Exercise => In the entries that follow, find the line containing "Hyundai Genesis" and the line containing "Boot met bromfietsonderdelen", then copy exactly everything from the first through the second except the pictures.

Record excerpts =>
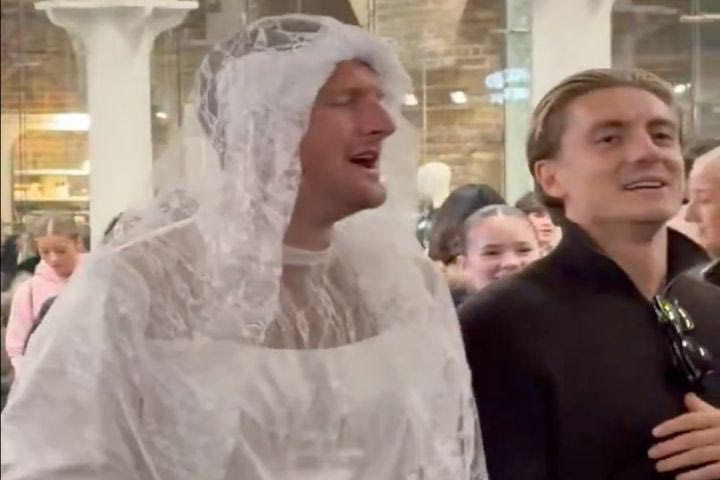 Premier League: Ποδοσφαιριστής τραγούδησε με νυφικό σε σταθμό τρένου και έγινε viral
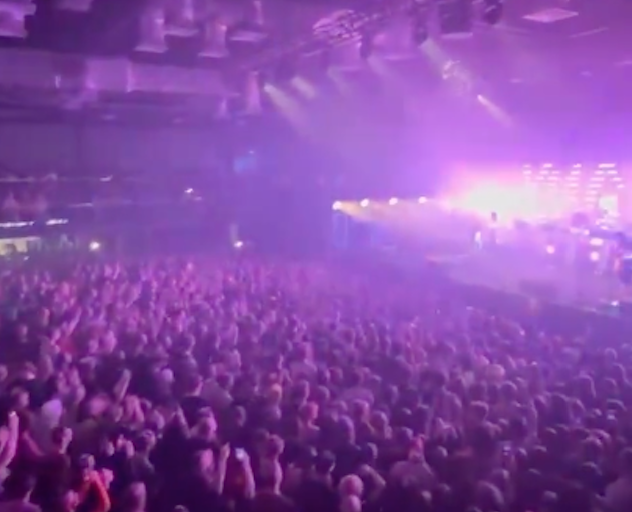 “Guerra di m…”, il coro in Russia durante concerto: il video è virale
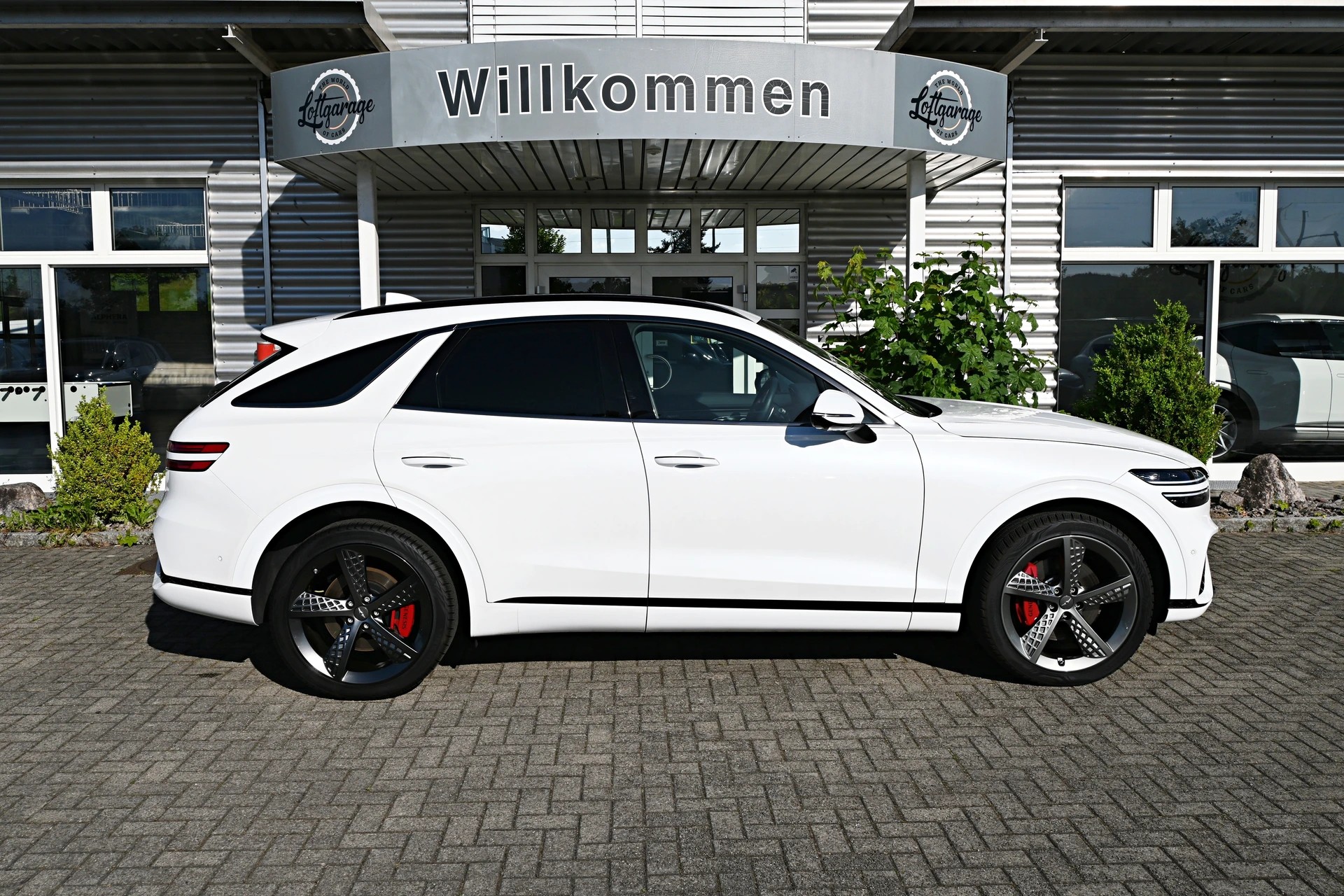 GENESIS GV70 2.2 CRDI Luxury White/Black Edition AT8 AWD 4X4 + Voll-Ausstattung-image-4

...

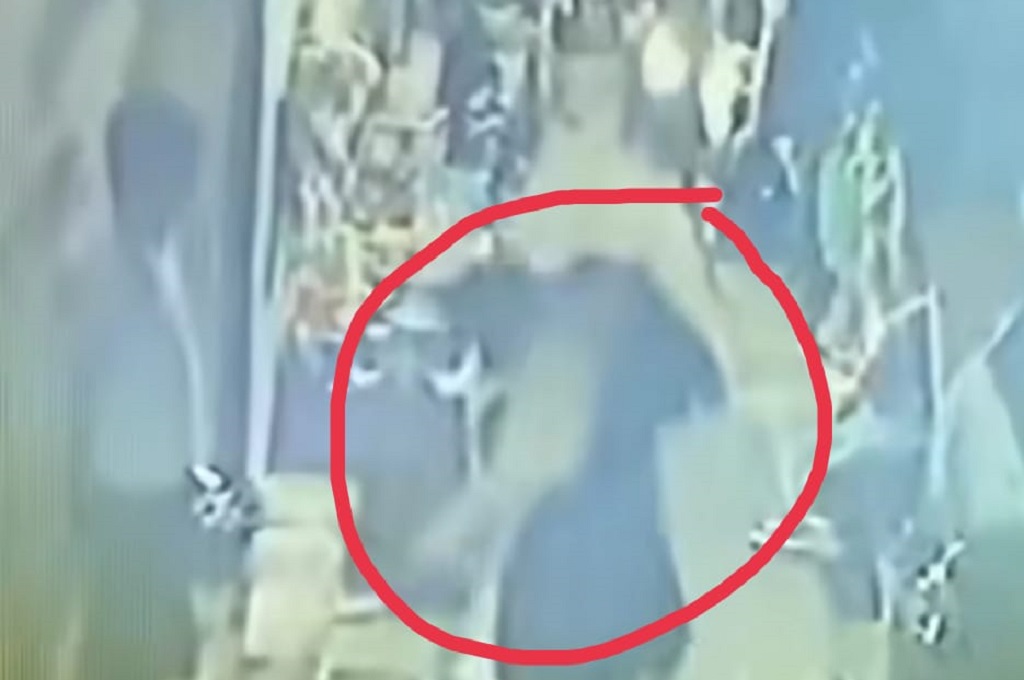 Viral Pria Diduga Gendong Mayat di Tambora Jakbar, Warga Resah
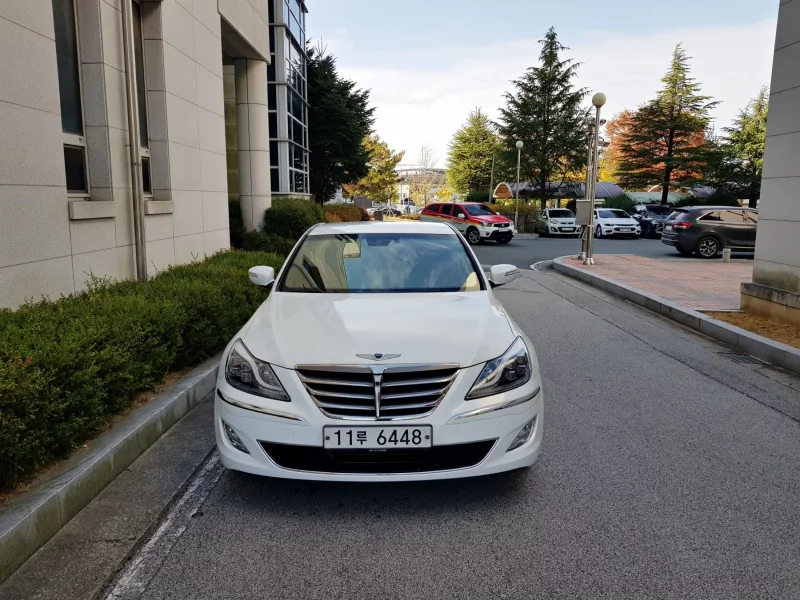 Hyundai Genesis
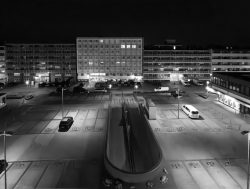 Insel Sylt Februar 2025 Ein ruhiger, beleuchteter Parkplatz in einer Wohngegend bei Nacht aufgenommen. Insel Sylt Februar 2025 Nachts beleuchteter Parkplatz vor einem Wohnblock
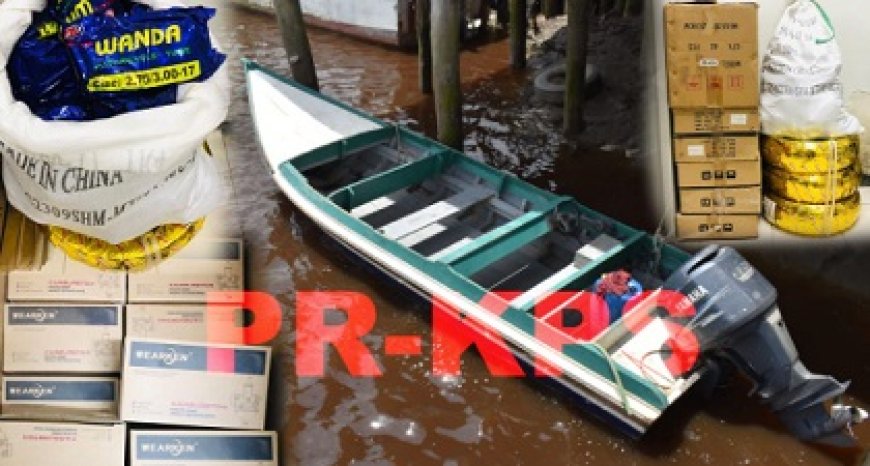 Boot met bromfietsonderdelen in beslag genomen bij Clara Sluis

The completed task =>
 Hyundai Genesis
 Insel Sylt Februar 2025 Ein ruhiger, beleuchteter Parkplatz in einer Wohngegend bei Nacht aufgenommen. Insel Sylt Februar 2025 Nachts beleuchteter Parkplatz vor einem Wohnblock
 Boot met bromfietsonderdelen in beslag genomen bij Clara Sluis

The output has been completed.